Sunday, December 21, 2008

CRAZY

I haven't been this hormonal in a long time. Last night, it started....

My mom made my siblings and I popcorn for dinner. I love popcorn and, like the crazy girl I am, hid it so that I could control when my siblings ate some. They obliged. However, soon enough, my dad ambled into the kitchen, reached onto the counter and grabbed the largest bowl of popcorn.

"You better not eat all of that," I warned him. I tried to be normal, to control the edge in my voice, but inside I was raging. My popcorn! MY POPCORN!

He went into the TV room and proceeded to eat HALF THE BOWL. I could not control myself when I walked in ten minutes later, his greedy fingers scooping the delicious kernels into his mouth, his eyes trained to the television screen, not even visually enjoying the buttery goodness. "You can't take that popcorn!" I cried. "It's for our dinner!"

My dad threw the bowl down and stalked off. I ran upstairs and cried until my parents left for their date.

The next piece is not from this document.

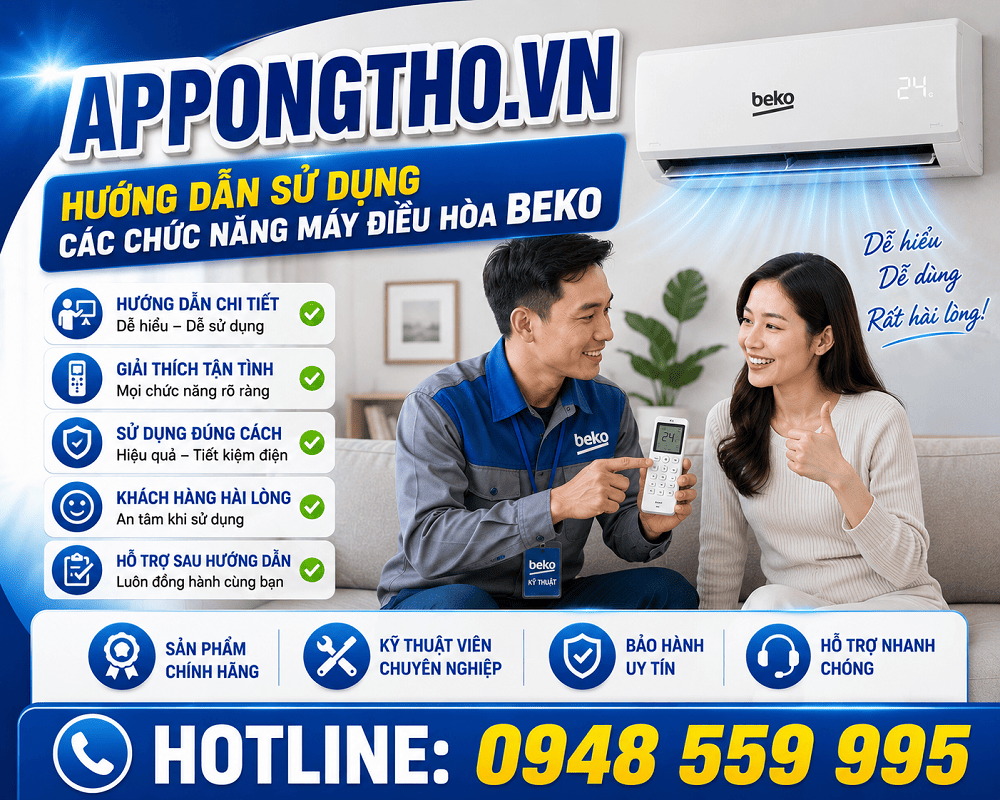 8. Cài đặt chế độ ngủ – SLEEP cho điều hòa Beko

Eventually, I came back downstairs and my siblings and I took our full bowls of popcorn (my mom had made us some more) and watched some movies. First, we watched The Lion King. I could not understand how I ever handled The Lion King before. Its devastating! I couldn't stop crying. We put in Rudolph, instead. Also, devastating. He's a misfit! I couldn't handle it. I left after twenty minutes and went to read Chloe's book 21 Proms. I cried and cried.

MY LIFE IS OVER. MY LIFE IS JUST LIKE THESE PROMS. ALL OF MY RELATIONSHIPS ARE EXACTLY THE SAME AS THESE. I tried to quiet myself down by contemplating how old and mature I am. Twenty. I'm twenty! I am mature! I am completely in control of myself!

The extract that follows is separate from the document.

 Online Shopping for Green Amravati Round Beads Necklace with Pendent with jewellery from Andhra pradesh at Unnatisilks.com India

To say the least, today didn't go very well.

And, unfortunately, my mom is about to make popcorn again...

Wednesday, December 10, 2008

Sleepy

Our class went twenty minutes over today. I wandered down the ice-covered sidewalk afterward and my head was boiling. Through a little yellow window I saw the inside of a little yellow house--the molding, the family portraits, the bookshelves. I love yellow houses.

Throughout my entire childhood I hated brick houses, even though my father would tell me that WE had a brick house so that if the grass burned our house wouldn't burn too.

When my parents divorced, my mom and us kids moved to a little yellow house. It felt safe.

When my mom remarried, we moved to a brick house. Life was exciting. I was living in Detroit. My family was expanding. I changed my mind. I would like brick houses! Maybe someday I would even live in a brick house!

But now, eight years later, I can't do it. I don't like brick houses. I love my family, of course. (This isn't some sort of strange symbolism.) But I don't like brick houses, I like little yellow houses.

Monday, December 1, 2008

I miss my family; I want to be a teenager again

It started in the fall. Fall isn't very long. Spring lasts longer. I can take spring and it can tease me and whip me and leave me breathless but fall always catches me off guard. It punches me in the gut with vibrant colors and cold wind. Then, its winter and we are no longer standing by a river shivering into our sweaters but we are freezing in blankets and no one wants to leave the fire.

The good thing about winter is that it is a long romance. Night intensifies all feeling and winter--snow against sky, eyes sparkling with champagne--is perpetual night. I can stand with the snow falling into my messy hair and my lips bitten and my cheeks flushed and you will kiss me. I can stand straight under a mistletoe with a Christmas sweater and polished fingernails and you will kiss me. I can run breathless up a snowbank and slip over a patch of ice--spilling red hat, red gloves into the snow--and you will, inevitably, kiss me.